How do you extract a substring within column that contains people's Name & title that are in "Myles, Mr. Thomas Francis" format and only want "Mr."

84 views Asked by At

enter image description hereenter image description hereWant to add matched results as new column of dataframe within a python function

I tried using re.search() expression

for i in input_df["Name"]:
   Title[i] = re.search(".$",i)

I get Type_error and not sure how to write pattern to get desired result

2

There are 2 answers

3
Tim Biegeleisen On BEST ANSWER

You could use str.extract here with the regex pattern \b[A-Z][a-z]+\.:

input_df["Title"] = input_df["Name"].str.extract(r'\b([A-Z][a-z]+\.)')

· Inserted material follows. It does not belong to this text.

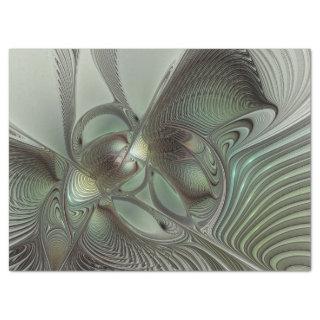 Abstract Olive Sage Green Gray Fractal Art Fantasy Tissue Paper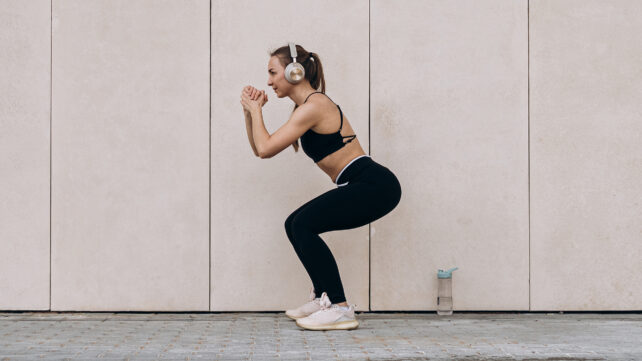 A woman exercising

For a more sophisticated option, you could also use str.replace:

input_df["Title"] = input_df["Name"].str.replace(r'^.*,\s+|\s+.*$', '', regex=True)
1
hught On

re.search returns a "match object" if a match is found, or None if no match is found. So you may want to do something like:

for i in input_df["Name"]:
    x = re.search("Mr[s]*\.",i)
    if x:
        Title[i] = (x.group())

Your code sets the value of Title[i] to a match object instead of a string, which is probably where the type error is coming from. Use the .group() method to return just the matching part of the string. Use the if statement to handle cases where no match was found.

As for the regex, I don't know what your data looks like exactly but you could try matching one more more capital letters, followed by zero or more lower case letters, followed by a period. Eg re.search("[A-Z]+[a-z]*\.",i)

Be warned regex can trip up over edge cases, so check carefully.